Problem statement.
Only the lines below starting at the one containing "Appartement dans les" and ending at the one containing "2015 BMW 528 — Miniatură 11" belong in the answer, each copied exactly.
━━━━━━
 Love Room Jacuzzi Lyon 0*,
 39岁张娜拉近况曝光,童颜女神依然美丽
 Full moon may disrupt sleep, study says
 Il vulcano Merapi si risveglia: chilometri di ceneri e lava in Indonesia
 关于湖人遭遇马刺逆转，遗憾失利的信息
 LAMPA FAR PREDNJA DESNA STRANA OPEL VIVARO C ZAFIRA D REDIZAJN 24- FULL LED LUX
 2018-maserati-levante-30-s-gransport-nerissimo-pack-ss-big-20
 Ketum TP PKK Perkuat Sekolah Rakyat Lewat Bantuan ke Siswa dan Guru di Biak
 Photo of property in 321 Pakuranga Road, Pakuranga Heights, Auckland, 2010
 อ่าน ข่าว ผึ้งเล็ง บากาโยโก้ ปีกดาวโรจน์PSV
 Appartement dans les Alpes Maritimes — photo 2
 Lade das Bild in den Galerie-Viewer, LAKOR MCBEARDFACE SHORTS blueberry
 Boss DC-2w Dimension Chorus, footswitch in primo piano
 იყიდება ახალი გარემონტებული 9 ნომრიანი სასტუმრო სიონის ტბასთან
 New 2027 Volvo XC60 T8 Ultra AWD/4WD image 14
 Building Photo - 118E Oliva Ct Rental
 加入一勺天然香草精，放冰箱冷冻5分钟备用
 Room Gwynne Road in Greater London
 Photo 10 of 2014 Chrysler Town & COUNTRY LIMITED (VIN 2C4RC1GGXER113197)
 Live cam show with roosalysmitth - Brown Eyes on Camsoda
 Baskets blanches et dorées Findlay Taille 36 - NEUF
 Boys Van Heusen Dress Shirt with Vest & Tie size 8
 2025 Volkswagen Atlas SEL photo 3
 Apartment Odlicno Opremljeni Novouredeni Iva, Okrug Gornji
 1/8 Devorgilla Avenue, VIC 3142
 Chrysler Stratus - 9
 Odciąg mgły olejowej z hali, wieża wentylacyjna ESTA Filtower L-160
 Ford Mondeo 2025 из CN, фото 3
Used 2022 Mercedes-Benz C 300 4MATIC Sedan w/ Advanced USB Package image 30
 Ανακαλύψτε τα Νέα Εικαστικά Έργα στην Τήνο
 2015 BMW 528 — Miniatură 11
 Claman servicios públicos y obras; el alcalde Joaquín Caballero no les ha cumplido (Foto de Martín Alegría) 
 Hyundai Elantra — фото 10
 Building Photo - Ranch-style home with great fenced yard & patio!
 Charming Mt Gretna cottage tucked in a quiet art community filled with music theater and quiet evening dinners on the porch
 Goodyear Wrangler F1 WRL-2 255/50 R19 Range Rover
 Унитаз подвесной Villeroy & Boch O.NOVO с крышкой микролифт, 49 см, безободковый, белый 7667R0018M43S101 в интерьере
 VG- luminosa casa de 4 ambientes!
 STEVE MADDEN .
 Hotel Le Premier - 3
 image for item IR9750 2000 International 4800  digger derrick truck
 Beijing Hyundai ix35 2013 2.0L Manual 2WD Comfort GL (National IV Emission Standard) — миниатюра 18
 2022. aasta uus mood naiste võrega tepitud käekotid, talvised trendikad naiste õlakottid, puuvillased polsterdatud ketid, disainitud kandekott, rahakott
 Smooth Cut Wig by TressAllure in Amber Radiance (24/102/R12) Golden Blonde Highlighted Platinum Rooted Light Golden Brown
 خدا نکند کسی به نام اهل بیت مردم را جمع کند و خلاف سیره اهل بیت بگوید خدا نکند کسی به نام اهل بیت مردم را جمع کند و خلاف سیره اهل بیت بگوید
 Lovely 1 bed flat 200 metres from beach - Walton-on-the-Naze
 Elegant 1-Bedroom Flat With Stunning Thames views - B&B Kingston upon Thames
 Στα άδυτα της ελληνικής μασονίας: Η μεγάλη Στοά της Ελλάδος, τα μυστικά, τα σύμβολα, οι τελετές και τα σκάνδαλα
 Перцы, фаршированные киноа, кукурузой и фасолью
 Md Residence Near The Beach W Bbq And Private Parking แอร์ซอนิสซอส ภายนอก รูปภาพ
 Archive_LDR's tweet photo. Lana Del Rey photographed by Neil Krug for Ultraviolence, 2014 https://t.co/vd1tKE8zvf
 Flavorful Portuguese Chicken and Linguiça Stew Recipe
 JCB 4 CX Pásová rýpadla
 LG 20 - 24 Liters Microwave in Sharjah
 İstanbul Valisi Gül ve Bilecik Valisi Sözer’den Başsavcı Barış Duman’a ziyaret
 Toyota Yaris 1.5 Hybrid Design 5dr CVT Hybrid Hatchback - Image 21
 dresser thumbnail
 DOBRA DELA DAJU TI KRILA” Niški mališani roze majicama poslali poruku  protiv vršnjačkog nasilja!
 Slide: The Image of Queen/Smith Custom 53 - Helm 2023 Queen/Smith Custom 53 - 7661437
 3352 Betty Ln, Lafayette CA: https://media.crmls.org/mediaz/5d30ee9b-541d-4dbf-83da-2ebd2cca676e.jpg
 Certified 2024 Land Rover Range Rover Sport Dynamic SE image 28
━━━━━━
Reply to the task.
 Appartement dans les Alpes Maritimes — photo 2
 Lade das Bild in den Galerie-Viewer, LAKOR MCBEARDFACE SHORTS blueberry
 Boss DC-2w Dimension Chorus, footswitch in primo piano
 იყიდება ახალი გარემონტებული 9 ნომრიანი სასტუმრო სიონის ტბასთან
 New 2027 Volvo XC60 T8 Ultra AWD/4WD image 14
 Building Photo - 118E Oliva Ct Rental
 加入一勺天然香草精，放冰箱冷冻5分钟备用
 Room Gwynne Road in Greater London
 Photo 10 of 2014 Chrysler Town & COUNTRY LIMITED (VIN 2C4RC1GGXER113197)
 Live cam show with roosalysmitth - Brown Eyes on Camsoda
 Baskets blanches et dorées Findlay Taille 36 - NEUF
 Boys Van Heusen Dress Shirt with Vest & Tie size 8
 2025 Volkswagen Atlas SEL photo 3
 Apartment Odlicno Opremljeni Novouredeni Iva, Okrug Gornji
 1/8 Devorgilla Avenue, VIC 3142
 Chrysler Stratus - 9
 Odciąg mgły olejowej z hali, wieża wentylacyjna ESTA Filtower L-160
 Ford Mondeo 2025 из CN, фото 3
Used 2022 Mercedes-Benz C 300 4MATIC Sedan w/ Advanced USB Package image 30
 Ανακαλύψτε τα Νέα Εικαστικά Έργα στην Τήνο
 2015 BMW 528 — Miniatură 11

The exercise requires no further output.